The purpose of the Freely Moving Animal (FMA) Toolbox for Matlab is to help analyze electrophysiological and behavioral data recorded from freely moving animals.

These data typically include broadband brain signals (e.g. local field potentials), spike data (timestamps as well as full waveforms), moment-to-moment position of the animal, and behavioral events (stimulus presentation, photodetector crossing, brain stimulation, etc.)

FMAToolbox is part of a larger data analysis framework, including Klusters (a powerful and easy-to-use cluster cutting application), NeuroScope (an advanced viewer for electrophysiological and behavioral data), and NDManager (a simple application to manage recording parameters and data preprocessing).

The easiest way to install FMAToolbox is using the pathtool. Click 'Add with subfolders...' and select the FMAToolbox directory.

For efficiency reasons, the toolbox includes a few functions in C/C++. These can be easily compiled for your platform. In the command window, type:

>> compilefma;

Some functions in the toolbox depend on other Matlab toolboxes:

1. xmltree to read XML parameter files
2. chronux to perform time-frequency analyses
3. mYm to provide database functionality
4. export_fig to export figures as PNG, EPS, PDF, etc.

This toolbox was developed by Michaël Zugaro (CRNS-Collège de France, Paris, France). It is free software distributed under the General Public License (GPL).

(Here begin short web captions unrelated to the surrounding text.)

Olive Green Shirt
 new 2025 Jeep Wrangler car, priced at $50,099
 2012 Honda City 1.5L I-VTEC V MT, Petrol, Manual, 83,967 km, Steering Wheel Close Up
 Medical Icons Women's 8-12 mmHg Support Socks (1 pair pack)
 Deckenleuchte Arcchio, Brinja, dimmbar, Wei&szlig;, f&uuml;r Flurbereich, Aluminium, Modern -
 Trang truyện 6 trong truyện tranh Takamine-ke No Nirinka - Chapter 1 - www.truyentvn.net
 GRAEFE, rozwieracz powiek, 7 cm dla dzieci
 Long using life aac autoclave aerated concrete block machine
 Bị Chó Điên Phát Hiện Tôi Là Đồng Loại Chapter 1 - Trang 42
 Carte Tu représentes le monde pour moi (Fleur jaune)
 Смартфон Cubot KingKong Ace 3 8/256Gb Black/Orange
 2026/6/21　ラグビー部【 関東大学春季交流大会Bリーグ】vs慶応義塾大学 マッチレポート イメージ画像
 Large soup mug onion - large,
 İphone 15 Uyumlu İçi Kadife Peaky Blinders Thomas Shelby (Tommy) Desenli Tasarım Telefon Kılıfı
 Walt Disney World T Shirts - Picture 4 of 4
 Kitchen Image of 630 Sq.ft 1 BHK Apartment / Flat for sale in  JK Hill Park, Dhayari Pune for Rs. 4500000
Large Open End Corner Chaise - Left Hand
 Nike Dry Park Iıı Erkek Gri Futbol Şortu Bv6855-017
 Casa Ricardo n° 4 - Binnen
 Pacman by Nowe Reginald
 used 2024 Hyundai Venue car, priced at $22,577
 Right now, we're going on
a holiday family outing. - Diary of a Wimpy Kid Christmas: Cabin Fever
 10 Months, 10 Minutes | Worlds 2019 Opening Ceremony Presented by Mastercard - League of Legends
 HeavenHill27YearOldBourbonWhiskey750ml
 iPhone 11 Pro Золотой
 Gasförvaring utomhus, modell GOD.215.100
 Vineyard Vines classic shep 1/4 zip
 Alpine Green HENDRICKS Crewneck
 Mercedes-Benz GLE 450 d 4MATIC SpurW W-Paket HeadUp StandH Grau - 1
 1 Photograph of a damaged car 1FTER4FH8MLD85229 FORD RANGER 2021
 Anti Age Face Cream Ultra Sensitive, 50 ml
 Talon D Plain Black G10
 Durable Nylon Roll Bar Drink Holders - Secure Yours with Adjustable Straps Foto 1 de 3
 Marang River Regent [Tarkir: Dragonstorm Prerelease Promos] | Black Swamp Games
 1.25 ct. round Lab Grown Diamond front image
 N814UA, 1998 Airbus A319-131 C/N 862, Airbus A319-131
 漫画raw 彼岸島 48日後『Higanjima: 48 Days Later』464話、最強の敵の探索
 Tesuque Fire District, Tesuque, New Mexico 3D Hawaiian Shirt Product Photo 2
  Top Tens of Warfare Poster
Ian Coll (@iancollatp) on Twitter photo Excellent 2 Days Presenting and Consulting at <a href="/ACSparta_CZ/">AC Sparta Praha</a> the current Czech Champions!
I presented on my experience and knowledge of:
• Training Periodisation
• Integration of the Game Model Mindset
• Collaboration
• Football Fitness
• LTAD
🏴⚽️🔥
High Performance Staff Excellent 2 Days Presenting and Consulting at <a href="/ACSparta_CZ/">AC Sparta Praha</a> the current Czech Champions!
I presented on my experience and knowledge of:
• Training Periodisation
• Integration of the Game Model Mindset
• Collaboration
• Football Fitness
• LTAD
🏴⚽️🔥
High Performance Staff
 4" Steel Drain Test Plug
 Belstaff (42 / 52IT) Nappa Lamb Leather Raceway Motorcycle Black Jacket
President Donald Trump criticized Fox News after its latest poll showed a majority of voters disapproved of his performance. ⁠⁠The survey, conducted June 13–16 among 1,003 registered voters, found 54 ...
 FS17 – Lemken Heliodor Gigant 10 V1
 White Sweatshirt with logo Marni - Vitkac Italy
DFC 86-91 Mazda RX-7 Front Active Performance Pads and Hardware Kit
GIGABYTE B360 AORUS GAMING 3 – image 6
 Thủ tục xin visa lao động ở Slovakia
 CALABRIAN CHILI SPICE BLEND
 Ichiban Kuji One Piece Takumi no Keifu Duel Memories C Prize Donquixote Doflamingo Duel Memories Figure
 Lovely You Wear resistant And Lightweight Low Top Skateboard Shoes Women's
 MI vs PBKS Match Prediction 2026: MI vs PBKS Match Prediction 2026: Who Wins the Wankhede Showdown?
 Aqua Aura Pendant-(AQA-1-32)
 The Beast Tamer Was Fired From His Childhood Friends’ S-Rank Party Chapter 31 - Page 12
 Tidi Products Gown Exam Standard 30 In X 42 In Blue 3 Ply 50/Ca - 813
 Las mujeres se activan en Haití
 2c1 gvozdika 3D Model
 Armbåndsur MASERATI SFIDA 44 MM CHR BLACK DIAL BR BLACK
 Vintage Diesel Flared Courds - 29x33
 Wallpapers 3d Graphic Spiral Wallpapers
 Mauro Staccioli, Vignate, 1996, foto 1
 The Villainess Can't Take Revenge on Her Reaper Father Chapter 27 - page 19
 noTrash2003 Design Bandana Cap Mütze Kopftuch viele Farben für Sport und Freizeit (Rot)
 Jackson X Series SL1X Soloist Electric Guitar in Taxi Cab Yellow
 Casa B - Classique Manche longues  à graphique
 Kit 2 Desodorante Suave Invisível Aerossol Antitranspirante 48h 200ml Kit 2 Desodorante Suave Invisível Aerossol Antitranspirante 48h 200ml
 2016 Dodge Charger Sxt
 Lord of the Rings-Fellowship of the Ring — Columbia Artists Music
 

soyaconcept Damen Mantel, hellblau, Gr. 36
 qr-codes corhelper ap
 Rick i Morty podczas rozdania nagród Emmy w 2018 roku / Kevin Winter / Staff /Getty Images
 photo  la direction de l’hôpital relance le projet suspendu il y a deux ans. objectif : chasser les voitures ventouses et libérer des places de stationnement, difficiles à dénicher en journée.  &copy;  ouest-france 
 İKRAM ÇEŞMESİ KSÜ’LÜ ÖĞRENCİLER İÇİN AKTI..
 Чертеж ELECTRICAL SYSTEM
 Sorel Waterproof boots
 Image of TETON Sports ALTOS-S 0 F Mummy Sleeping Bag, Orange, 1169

The toolbox is organized in distinct functional categories:

 Data       - Experimental data handling
 General    - General-purpose data processing and statistical tests.
 Analyses   - Specialized analyses (PSTH, place maps, tuning curves...)
 Plot       - Enhanced and specialized plotting functions.
 Database   - Database access and storage
 IO         - Input/output helper functions, including batch handling

Functions provided in the Data category can be used to read experimental data files. The file format is the same as in other programs such as Klusters, NeuroScope and NDManager (see e.g. this page). However, the rest of the toolbox is independent from these file formats, so you are free to use any format you like (of course, you would then have to add your own code to read your files).

Upon loading, the data are stored in simple matrices where the first column contains timestamps and the remaining columns contain the corresponding values. For instance, moment-to-moment positions of the animal are stored as

         0        100.625         74.375
    0.0256         99.375             75
    0.0512         99.375             75
    0.0768        100.625             75
    0.1024        100.625             75
       ...            ...            ...

where the first column is time (in seconds), the second is the X coordinate of the animal, and the third is its Y coordinate. Positions stored in such a matrix are referred to as position samples.

Many functions in FMAToolbox provide basic processing of samples, such as time selection, interpolation or smoothing. These are grouped in the General category, together with statistical measures and tests, interval handling, binning, etc.

More specialized analysis functions are grouped in the Analyses category, including peri-event time histograms (PETH), place maps, tuning curves, spectrograms, current source density, ripple detection, etc.

Results can be plotted using enhanced or specialized functions provided in the Plot category, and stored in a local or network database using functions in the Database category.

Last, the IO category contains low-level disk access functions (which should normally not be used directly), as well as batch-processing handling functions.

A typical data analysis session would start by loading the experimental data:

 >> SetCurrentSession

A dialog pops up, where you can navigate your disk to choose the recording session to analyze. Files are then loaded and kept in memory. You can now access the data very easily. For instance, if you need the position samples, do:

 >> p = GetPositions;

To plot the firing map of the place cell corresponding to cluster 5 on tetrode 3:

 >> s = GetSpikes([3 5]);
 >> map = FiringMap(p,s);
 >> figure;
 >> PlotColorMap(map.rate,map.time); % time is used to dimm the colors

To plot theta phase precession information (phase as a function of position, phase distribution as a function of position, and phase as a function of firing rate) for the same neuron:

 >> lfp = GetLFP(20); % theta is measured on channel 20
 >> theta = FilterLFP(lfp,'passband','theta');
 >> phi = Phase(theta);
 >> precession = PhasePrecession(p,s,phi);
 >> figure;
 >> PlotPhasePrecession(precession);

Now let us plot a spike raster synchronized on stimulation events:

 >> stims = GetEvents('stimulation');
 >> [sync,i] = Sync(s,stims);
 >> figure;
 >> PlotSync(sync,i);

and the corresponding PSTH and time-varying spike distribution:

 >> [h,t] = SyncHist(sync,i);
 >> figure;
 >> bar(t,h); % PSTH
 >> [h,t,n] = SyncHist(sync,i,'mode','dist');
 >> figure;
 >> PlotColorMap(h,1,'x',t,'y',n); % distribution

For more information, read the help topics listed above.

You may wish to add the following line to your startup file:

 Browse('on');

This will automatically activate browsing features in every figure.